Once the platelet count is <150,000/mm3, reinitiate therapy at a daily dosage reduced by 25 mg

For patients taking a dosage of 25 mg once daily, reinitiate therapy at 12.5 mg daily

>400,000/mm3 after 2 weeks of therapy at lowest dose of eltrombopag

Discontinue therapy

In patients with ITP and hepatic impairment (Child-Pugh class A, B, or C), dosage should be increased no sooner than 3 weeks after initiation of eltrombopag or after any subsequent dosage increase.

Discontinue therapy if the platelet count has not reached a level sufficient to avoid clinically relevant bleeding after 4 weeks of treatment at the maximum recommended dosage.

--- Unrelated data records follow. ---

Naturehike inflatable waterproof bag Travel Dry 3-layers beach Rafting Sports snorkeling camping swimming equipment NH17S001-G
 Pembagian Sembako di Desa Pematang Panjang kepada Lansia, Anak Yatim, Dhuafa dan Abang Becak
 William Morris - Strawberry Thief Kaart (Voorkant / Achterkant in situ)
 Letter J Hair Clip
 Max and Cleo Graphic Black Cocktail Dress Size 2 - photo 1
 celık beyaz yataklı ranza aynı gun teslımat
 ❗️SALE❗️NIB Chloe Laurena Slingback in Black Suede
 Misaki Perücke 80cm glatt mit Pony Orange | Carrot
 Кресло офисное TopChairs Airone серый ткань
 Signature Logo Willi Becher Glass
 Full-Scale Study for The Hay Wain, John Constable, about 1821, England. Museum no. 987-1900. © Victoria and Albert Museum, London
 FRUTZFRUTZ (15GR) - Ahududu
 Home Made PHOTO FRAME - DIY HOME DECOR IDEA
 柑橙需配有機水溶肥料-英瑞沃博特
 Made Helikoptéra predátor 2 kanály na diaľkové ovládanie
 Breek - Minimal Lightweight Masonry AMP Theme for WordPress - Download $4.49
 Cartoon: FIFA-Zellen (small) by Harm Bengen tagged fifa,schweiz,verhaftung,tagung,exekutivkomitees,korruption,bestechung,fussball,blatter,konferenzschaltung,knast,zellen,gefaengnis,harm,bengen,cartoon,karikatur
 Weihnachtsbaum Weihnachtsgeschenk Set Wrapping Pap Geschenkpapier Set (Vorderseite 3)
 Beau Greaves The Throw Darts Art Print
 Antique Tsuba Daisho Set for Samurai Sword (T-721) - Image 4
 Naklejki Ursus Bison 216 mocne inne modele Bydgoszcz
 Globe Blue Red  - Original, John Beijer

Monitor CBCs with differentials, including platelet counts, weekly for at least 4 weeks following discontinuance of therapy.

First-Line Treatment of Severe Aplastic Anemia
Oral

Initiate eltrombopag concurrently with standard immunosuppressive therapy.

Recommended initial dosage of eltrombopag for first-line treatment of severe aplastic anemia is based on age, Asian ancestry, and presence of hepatic impairment (see Tables 2 and 3). For patients with Asian ancestry or hepatic impairment (mild, moderate, or severe), reduce initial dose of eltrombopag by 50%.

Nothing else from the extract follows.